[Data extracts]
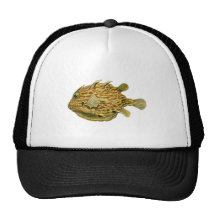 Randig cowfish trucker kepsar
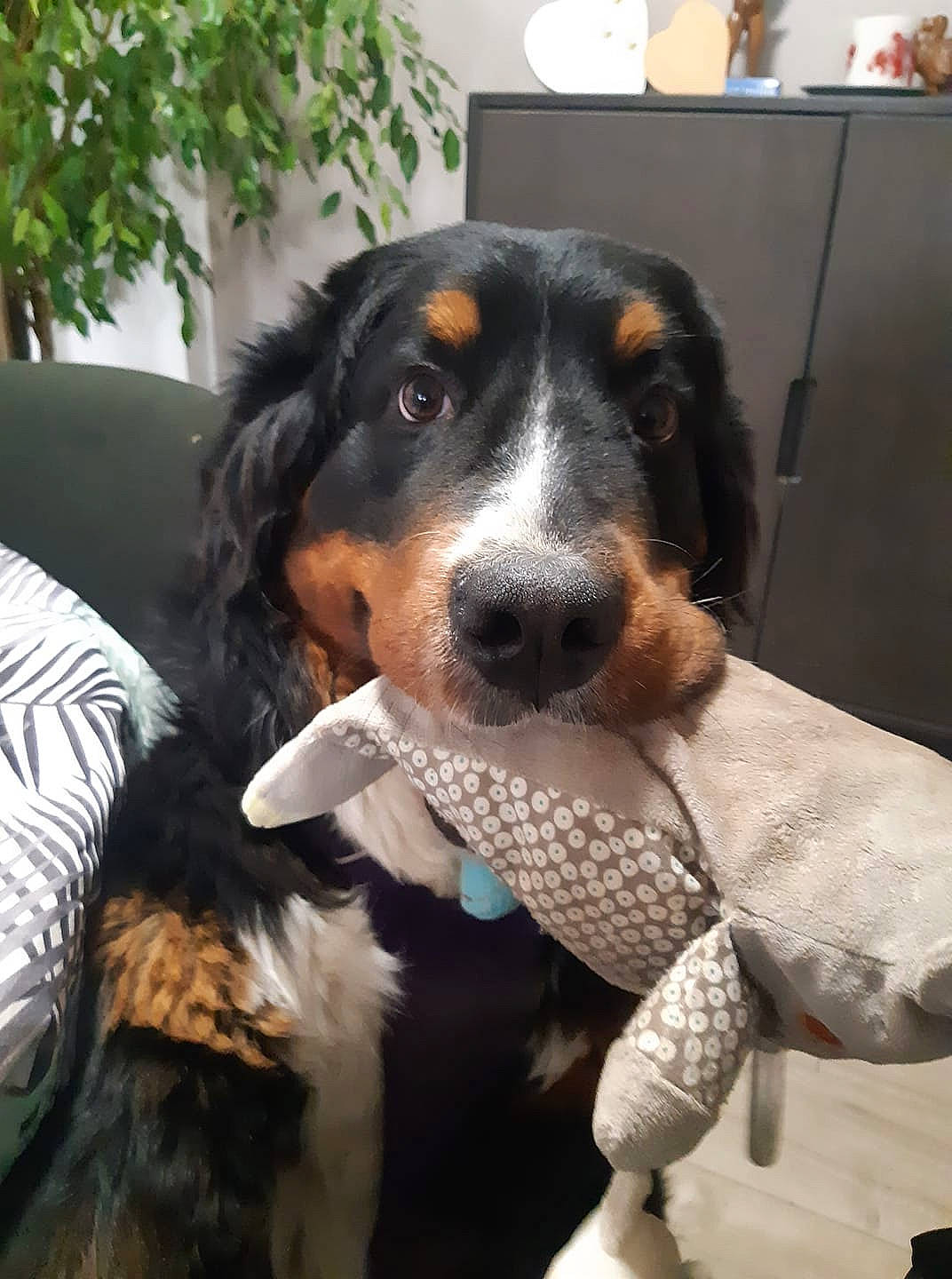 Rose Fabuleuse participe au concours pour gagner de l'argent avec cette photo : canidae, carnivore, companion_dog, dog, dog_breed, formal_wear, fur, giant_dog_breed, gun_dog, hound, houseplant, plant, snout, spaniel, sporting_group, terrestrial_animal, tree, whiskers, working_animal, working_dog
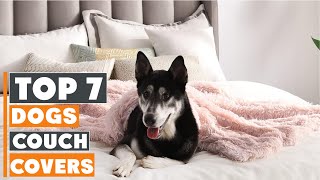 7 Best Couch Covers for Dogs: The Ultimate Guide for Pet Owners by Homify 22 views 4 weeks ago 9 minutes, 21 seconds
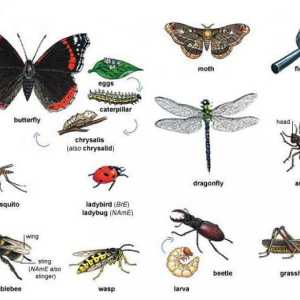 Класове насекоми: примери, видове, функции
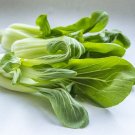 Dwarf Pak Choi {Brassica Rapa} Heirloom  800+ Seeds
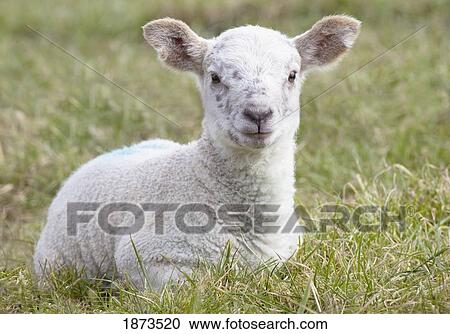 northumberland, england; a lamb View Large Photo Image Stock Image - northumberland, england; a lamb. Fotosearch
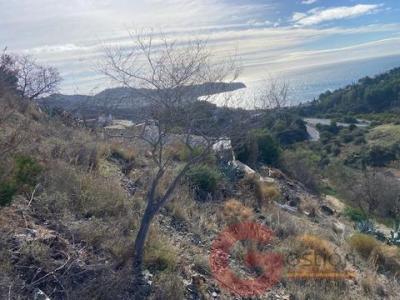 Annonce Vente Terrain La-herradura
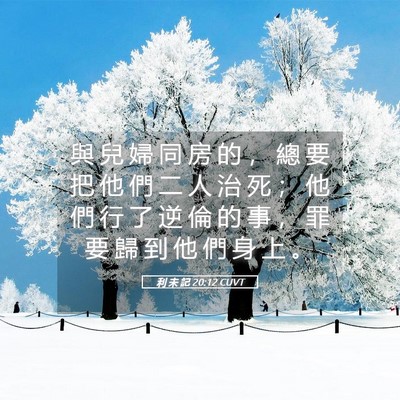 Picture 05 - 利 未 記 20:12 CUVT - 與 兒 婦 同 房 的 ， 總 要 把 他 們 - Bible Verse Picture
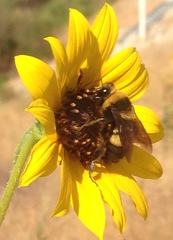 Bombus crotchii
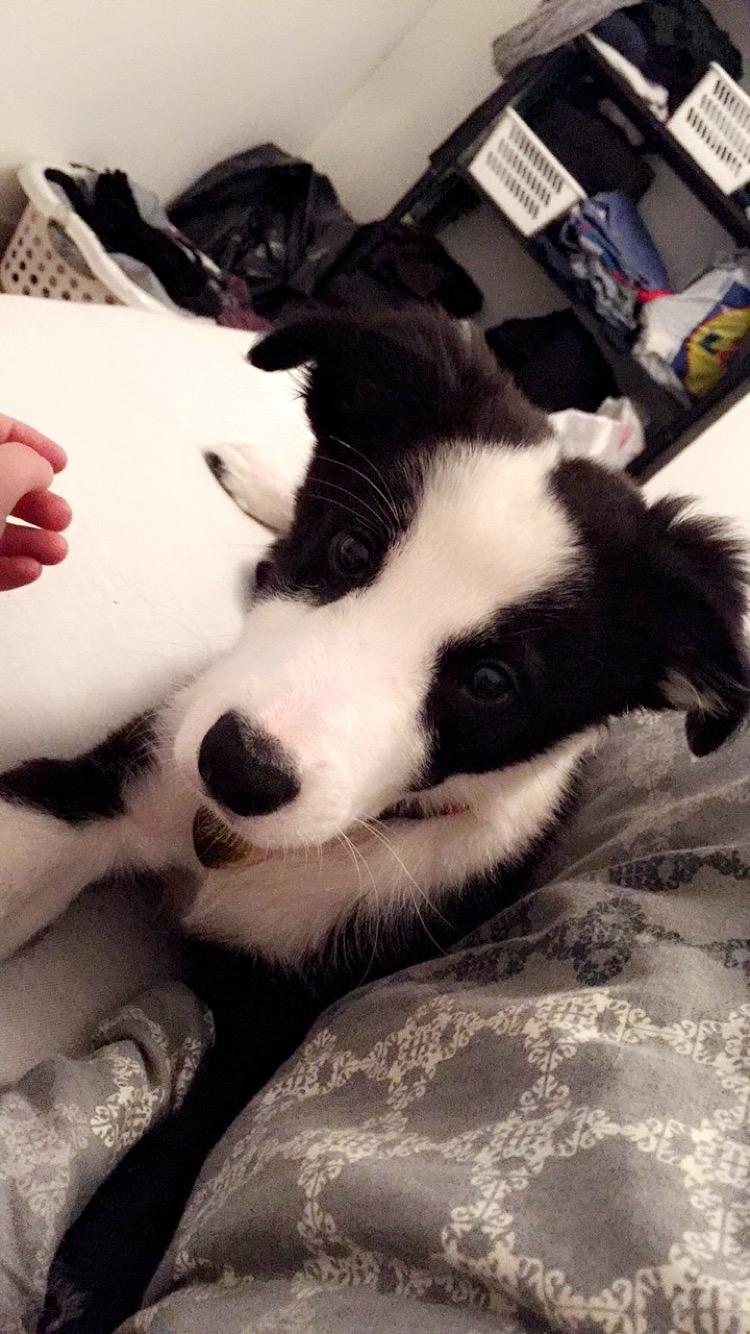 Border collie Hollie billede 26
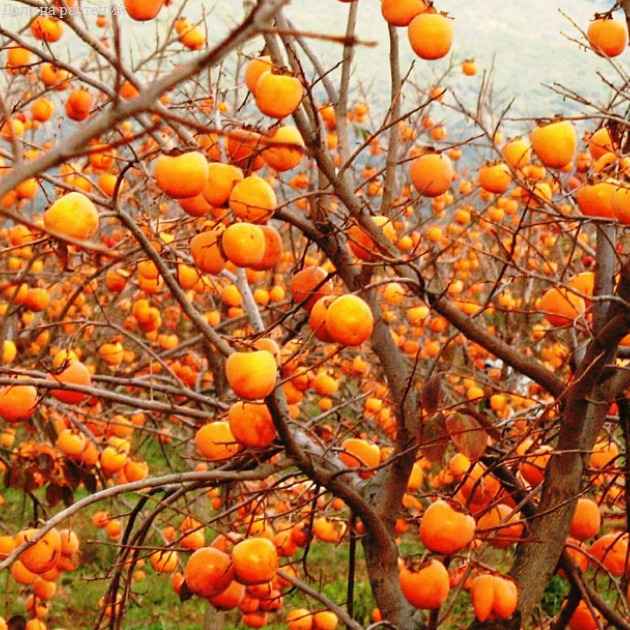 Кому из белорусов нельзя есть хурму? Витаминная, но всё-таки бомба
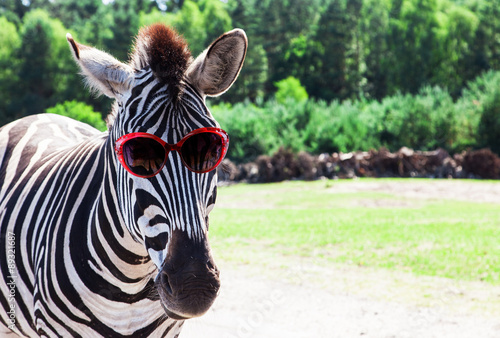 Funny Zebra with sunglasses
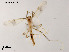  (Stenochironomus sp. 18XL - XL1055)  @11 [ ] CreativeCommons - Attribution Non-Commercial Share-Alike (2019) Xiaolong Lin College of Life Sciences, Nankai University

[Problem to work on] In your reply, please set down exactly the lines from the one containing "Picture 05 - 利" through the end of the records, with the pictures left out.

[Problem solution]
 Picture 05 - 利 未 記 20:12 CUVT - 與 兒 婦 同 房 的 ， 總 要 把 他 們 - Bible Verse Picture
 Bombus crotchii
 Border collie Hollie billede 26
 Кому из белорусов нельзя есть хурму? Витаминная, но всё-таки бомба
 Funny Zebra with sunglasses
  (Stenochironomus sp. 18XL - XL1055)  @11 [ ] CreativeCommons - Attribution Non-Commercial Share-Alike (2019) Xiaolong Lin College of Life Sciences, Nankai University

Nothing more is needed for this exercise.